1月に免許を取り、3月に納車されたジクサー250だが、先月の終わりに走行距離1000kmを抜け、慣らし運転が終わった。


おっかなびっくり一般道を走っている時には、総走行距離が中々100kmに辿り着かず悩み。

ふと思い立って夜中にマックを食べに行くところから始まった道の駅巡りで初めての長距離ツーリングをした。

それから総走行距離は300kmを超え。そこで1ヶ月点検。

走りながら得た様々な課題をもとに、装備を揃えて快適な旅ができるように整えながら進めていく。

深夜の横須賀に高速道路で向かってからというもの、高速道路ツーリングの味を覚えてしまった。

都心、環状線、海ほたると、高速の旅を重ねて、ついに3ヶ月にして総走行距離1000kmに到達。
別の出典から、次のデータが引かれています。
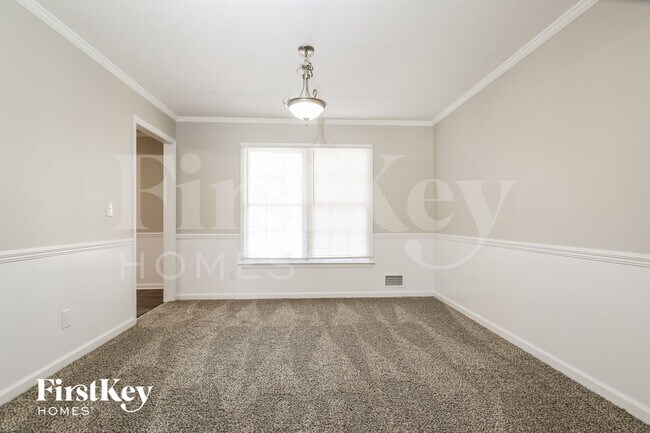 Foto del edificio - 331 Crescentview Ct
バイタルのある人なら1ヶ月以内に到達するとも言うが、齢30を迎えてから初めて二輪を味わう自分としては、上出来かと思う。


ところで。

愛機のジクサー250は、当初とにかくお淑やかな性格だと思っていた。

「慣らし運転が終わるまでは5000rpmを超えない運転をするように」と、バイク屋さんからも言われていたし、取扱説明書にも書いてある。
なので、シフトタイミングインジケーターを5000rpmに設定して、きっちり守って走っていた。

必然的に回転数をかなり抑えた走り方になる。
20km/hで2速、30km/hで3速、40km/hで4速。
そうすると、ものすごく静かな走りになるのだ。

エンジンの唸りとは無縁の、単気筒エンジンのトコトコとした音。カスタムなしの純正マフラーが奏でる穏やかな音色。ロードノイズの方が大きいとさえ錯覚するほどに静かだった。
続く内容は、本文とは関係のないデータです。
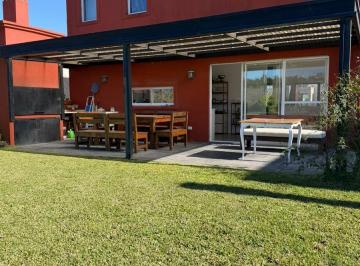 Casa · 200m² · 5 Ambientes · 3 Cocheras · Casa en Acacias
制限速度通りに走るには余力に溢れているその感じ。低速トルクが強く発進時には力強く前に引っ張ってくれるが、走る時には必要以上の音を立てない。そんな印象。

しかし、100km/hの高速道路を走るようになった時、6速まで上げたとて5000rpm制限は守れない。

速度をあげようとスロットルを徐々に開き、回転数を上げると、今までの静けさからゆっくりと獣の咆哮のような唸りに変わり始める。
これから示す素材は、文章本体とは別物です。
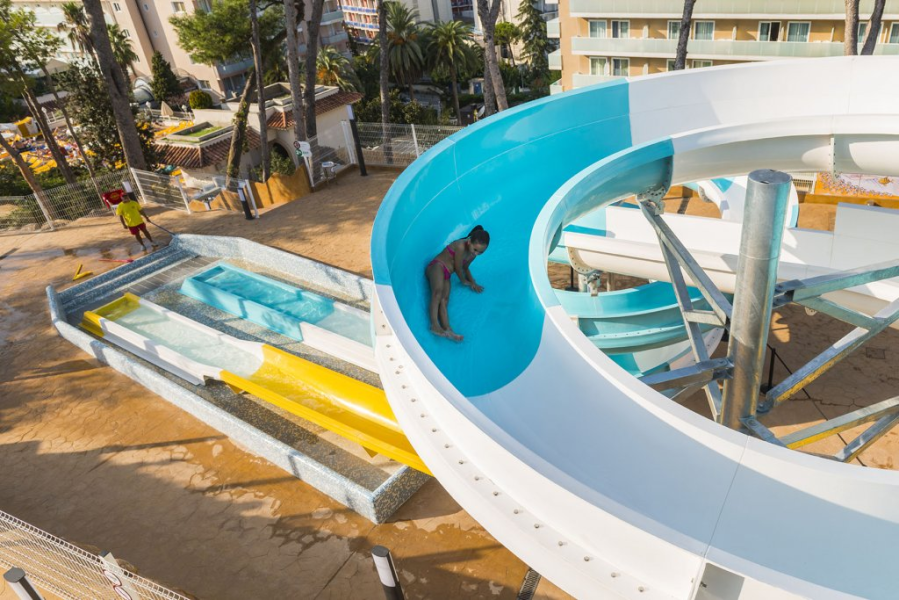 Piscinas del parque acuático del Hotel Guitart Central Park Resort (Lloret de Mar)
その音はある意味で言えば250ccの余裕のなさの現れとも言えるかもしれないが、一方で心躍らせる音でもあった。

慣らし運転の最中、滅多に聞くことのないその唸りに、知らず知らずのうちに心奪われつつあった。


そして総走行距離1000km、慣らしが終わった。

気がつけばエンジンの振動がわずかに変わっている。
運転技能の向上の方が大きいかもしれないが、ギアもスコンと入るようになった。

そして私が真っ先にやったことは、シフトタイミングインジケーターの設定変更だった。

ジクサー250の本来のシフト目安はギアごとに概ね6000-8000rpmと言われている。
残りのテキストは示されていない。